WHAT IS EXPECTED
Your task is to repeat the data exactly, every line of it.
[[ STORED DATA, beginning ]]
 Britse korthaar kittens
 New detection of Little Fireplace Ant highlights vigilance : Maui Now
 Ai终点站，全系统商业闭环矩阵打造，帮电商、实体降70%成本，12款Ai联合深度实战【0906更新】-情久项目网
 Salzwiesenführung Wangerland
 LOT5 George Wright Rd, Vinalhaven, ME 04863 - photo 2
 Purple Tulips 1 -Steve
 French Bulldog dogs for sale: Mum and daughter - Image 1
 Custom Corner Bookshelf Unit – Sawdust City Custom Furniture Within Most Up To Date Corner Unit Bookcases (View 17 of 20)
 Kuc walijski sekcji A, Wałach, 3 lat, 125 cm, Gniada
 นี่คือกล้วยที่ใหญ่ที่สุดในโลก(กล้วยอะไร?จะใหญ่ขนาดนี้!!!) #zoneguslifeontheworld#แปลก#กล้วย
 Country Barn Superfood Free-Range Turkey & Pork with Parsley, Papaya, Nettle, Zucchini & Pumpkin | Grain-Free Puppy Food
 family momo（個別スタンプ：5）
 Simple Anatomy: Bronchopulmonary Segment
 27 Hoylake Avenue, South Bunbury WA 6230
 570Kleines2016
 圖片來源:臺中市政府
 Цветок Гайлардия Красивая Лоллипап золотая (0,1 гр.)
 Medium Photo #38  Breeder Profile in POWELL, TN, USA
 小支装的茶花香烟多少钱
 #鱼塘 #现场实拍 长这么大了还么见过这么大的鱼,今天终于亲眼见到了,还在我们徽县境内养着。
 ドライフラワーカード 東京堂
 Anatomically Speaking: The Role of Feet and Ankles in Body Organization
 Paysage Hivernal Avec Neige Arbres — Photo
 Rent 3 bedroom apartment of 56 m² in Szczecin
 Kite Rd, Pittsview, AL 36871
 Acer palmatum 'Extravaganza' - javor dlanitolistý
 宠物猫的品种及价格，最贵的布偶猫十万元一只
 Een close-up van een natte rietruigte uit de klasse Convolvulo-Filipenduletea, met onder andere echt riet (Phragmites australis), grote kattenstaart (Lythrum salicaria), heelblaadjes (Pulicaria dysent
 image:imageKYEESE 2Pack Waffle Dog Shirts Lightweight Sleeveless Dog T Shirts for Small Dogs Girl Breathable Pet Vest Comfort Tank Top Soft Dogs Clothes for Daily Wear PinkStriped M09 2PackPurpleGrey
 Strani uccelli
[[ STORED DATA, end ]]
ANSWER BOX
 Britse korthaar kittens
 New detection of Little Fireplace Ant highlights vigilance : Maui Now
 Ai终点站，全系统商业闭环矩阵打造，帮电商、实体降70%成本，12款Ai联合深度实战【0906更新】-情久项目网
 Salzwiesenführung Wangerland
 LOT5 George Wright Rd, Vinalhaven, ME 04863 - photo 2
 Purple Tulips 1 -Steve
 French Bulldog dogs for sale: Mum and daughter - Image 1
 Custom Corner Bookshelf Unit – Sawdust City Custom Furniture Within Most Up To Date Corner Unit Bookcases (View 17 of 20)
 Kuc walijski sekcji A, Wałach, 3 lat, 125 cm, Gniada
 นี่คือกล้วยที่ใหญ่ที่สุดในโลก(กล้วยอะไร?จะใหญ่ขนาดนี้!!!) #zoneguslifeontheworld#แปลก#กล้วย
 Country Barn Superfood Free-Range Turkey & Pork with Parsley, Papaya, Nettle, Zucchini & Pumpkin | Grain-Free Puppy Food
 family momo（個別スタンプ：5）
 Simple Anatomy: Bronchopulmonary Segment
 27 Hoylake Avenue, South Bunbury WA 6230
 570Kleines2016
 圖片來源:臺中市政府
 Цветок Гайлардия Красивая Лоллипап золотая (0,1 гр.)
 Medium Photo #38  Breeder Profile in POWELL, TN, USA
 小支装的茶花香烟多少钱
 #鱼塘 #现场实拍 长这么大了还么见过这么大的鱼,今天终于亲眼见到了,还在我们徽县境内养着。
 ドライフラワーカード 東京堂
 Anatomically Speaking: The Role of Feet and Ankles in Body Organization
 Paysage Hivernal Avec Neige Arbres — Photo
 Rent 3 bedroom apartment of 56 m² in Szczecin
 Kite Rd, Pittsview, AL 36871
 Acer palmatum 'Extravaganza' - javor dlanitolistý
 宠物猫的品种及价格，最贵的布偶猫十万元一只
 Een close-up van een natte rietruigte uit de klasse Convolvulo-Filipenduletea, met onder andere echt riet (Phragmites australis), grote kattenstaart (Lythrum salicaria), heelblaadjes (Pulicaria dysent
 image:imageKYEESE 2Pack Waffle Dog Shirts Lightweight Sleeveless Dog T Shirts for Small Dogs Girl Breathable Pet Vest Comfort Tank Top Soft Dogs Clothes for Daily Wear PinkStriped M09 2PackPurpleGrey
 Strani uccelli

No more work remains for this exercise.